For the Great British Rally, all British manufactured cars are welcome, old or new, and participants can do the whole journey from Auckland to Christchurch or one or more stages, while enthusiasts can join in as the event passes through each city or town.
British cars don't just mean classic machines, like Aston Martins and Jaguars, you may have a Honda built in Swindon, or a Sunderland-made Nissan, not to mention a Derbyshire-built Toyota or even a Holden made in Ellesmere Port.
For more information: go to: ukinnewzealand.fco.gov.uk/ GREATbritishcarrally. There you can learn about fees, ferries and other details of the event on February 17 to 23, 2013.
RIGHT SENTIMENT, BAD CHOICE OF WORDS
The head of Mitsubishi in France got himself into a spot of trouble after calling the country's industry minister a "retard".
Jean-Claude Debard was the head of Mitsubishi's French dealer network when quoted by French daily La Provence making the following statement about Industry Minister Arnaud Montebourg:
"This moron, this retard, is increasing green taxes, lowering speed limits on the Paris ring road and ruining our lives."
Debard was annoyed that the minister was effectively putting up motoring taxes while complaining about the demise of the French car industry. He's right, of course, such decisions smack of sawing off the branch you're sitting on. But the choice of words was patently wrong.

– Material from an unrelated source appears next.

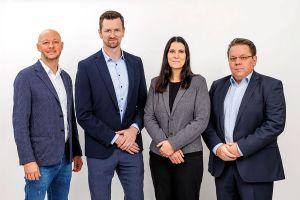 Ressortkommunikation: Patrick Maierhofer, Paul Eidenberger, Kerstin Mitterhuber, Harald Noschiel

Mitsubishi France says that Debard has "stepped down for personal reasons, effective immediately". Yeah, right.
ROMNEY MAKES A JEEP SHOT
Mitt Romney, the Republicans' 2012 presidential candidate, when trying to gain some points from incumbent President Obama, told an Ohio crowd last week that Jeep is considering moving all of its production to China. It would have been a good one had Romney read the news story properly. Chrysler does have plans for producing Jeeps in China, but it is explained that Jeep production sites are being added to the mix rather than there being a shift of output from North America per se. This is to cope with a huge 86 per cent increase in demand for Jeep's Wrangler model.
You'd think a man whose father ran one time Jeep partner American Motors would know better than that.